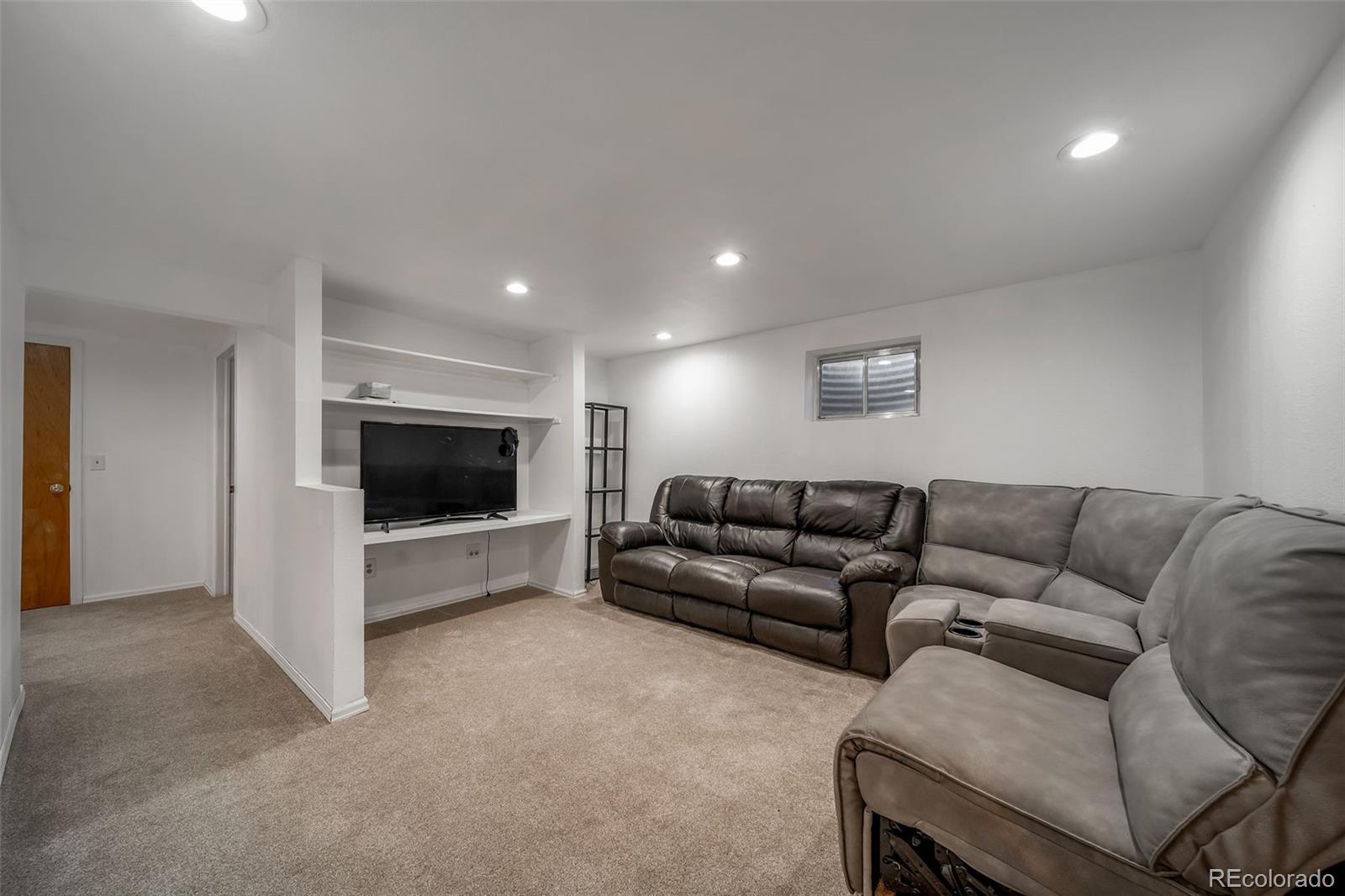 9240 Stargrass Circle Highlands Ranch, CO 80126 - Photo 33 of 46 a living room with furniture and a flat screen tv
---
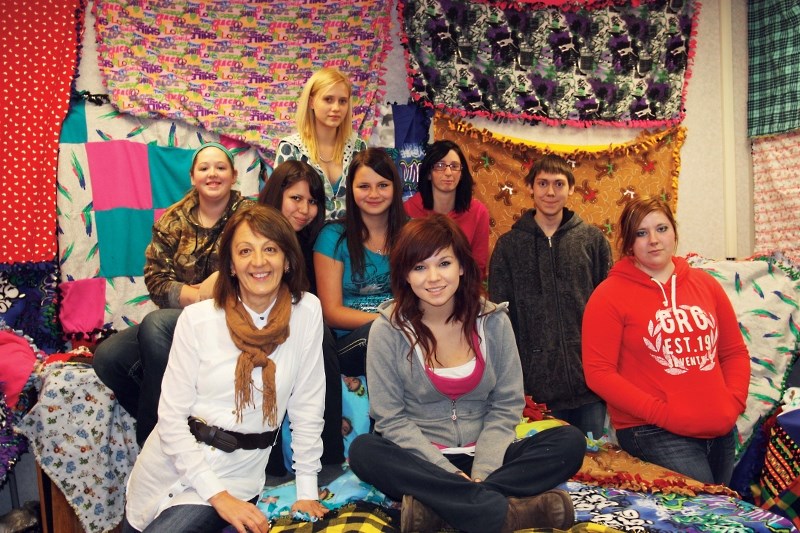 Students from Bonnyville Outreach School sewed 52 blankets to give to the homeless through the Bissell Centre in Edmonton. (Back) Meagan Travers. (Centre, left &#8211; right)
---
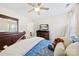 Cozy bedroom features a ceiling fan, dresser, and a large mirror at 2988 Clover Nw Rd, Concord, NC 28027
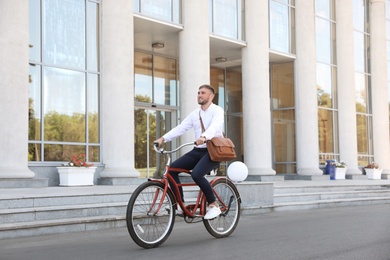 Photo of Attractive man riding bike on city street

_Task description_. Taking the entries above, extract every line from the one bearing "Cozy bedroom features" through the one bearing "Photo of Attractive", exactly, with no pictures.

_Solution to this problem_.
 Cozy bedroom features a ceiling fan, dresser, and a large mirror at 2988 Clover Nw Rd, Concord, NC 28027
 Photo of Attractive man riding bike on city street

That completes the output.